_Action item:_ Output only the lines of the entries that follow, starting at the one with "共青团镇委员会事迹材料" and running down to the one with "西橙子女装2023春夏季绿色衬衫裙", both included and unchanged.

_Records provided:_
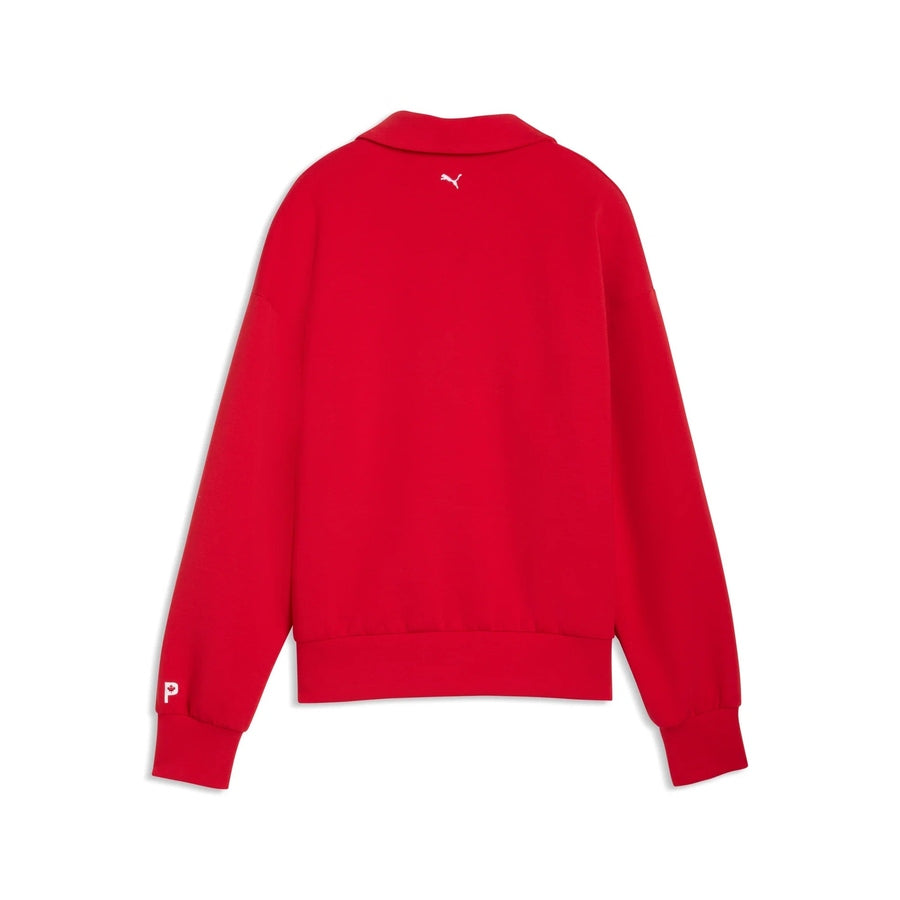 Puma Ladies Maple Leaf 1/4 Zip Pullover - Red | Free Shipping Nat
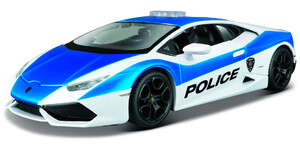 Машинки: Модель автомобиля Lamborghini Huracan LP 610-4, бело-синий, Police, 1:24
==
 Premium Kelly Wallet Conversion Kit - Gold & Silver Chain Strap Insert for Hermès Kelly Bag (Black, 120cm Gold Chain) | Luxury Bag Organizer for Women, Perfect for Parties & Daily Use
* * *
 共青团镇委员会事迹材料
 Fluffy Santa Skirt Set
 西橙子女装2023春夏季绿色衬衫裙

_Solution to this task:_
 共青团镇委员会事迹材料
 Fluffy Santa Skirt Set
 西橙子女装2023春夏季绿色衬衫裙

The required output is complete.